Tuberculosis has increased four-fold in some areas of London over the last 10 years, according to a new report.
Tuberculosis can affect the lungs and bones.
The London Assembly's Health Committee said the disease was making a "worrying comeback" in London but levelling out in the rest of the UK.
Almost half of the 6,891 new cases of TB in England and Wales were in London by 2002 compared to only three in 20 in the 1980s.
The report calls for health checks and a raising of awareness of the disease.
TB was a major cause of death in the UK until about 50 years ago when new drugs became available to treat it.
The London boroughs of Hillingdon, Enfield and Greenwich all saw a four-fold increase in the disease, the report said.
In Barking, Ealing, Hackney, Islington and Lewisham the number of cases have doubled since the early 1990s.
The committee also found that strains of TB which were resistant to drugs were more common in London than elsewhere and those cases were also more expensive to treat.

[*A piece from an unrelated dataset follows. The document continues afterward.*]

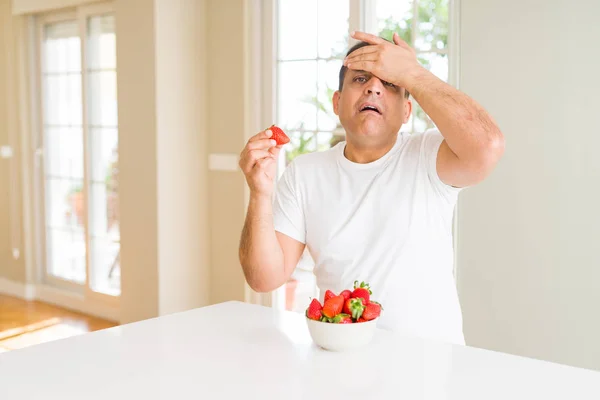 中年男子在家里吃草莓 用手在头上强调 羞愧和惊讶的脸震惊 愤怒和沮丧 因错误而恐惧和不安 — 图库照片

It said carrying out health checks in local communities would be more effective than screening people when they arrive in the UK.
Committee chairwoman Elizabeth Howlett said: "After a century in decline, TB is making a worrying comeback in the capital with increasing numbers of Londoners contracting the disease.
"We have not yet reached a crisis point in London and we must make sure that we do not.
"Failure to heed the rising rates in London and to ensure adequate TB control now could result in major problems and expenditure in the future, particularly with the emergence of multi-drug resistant strains."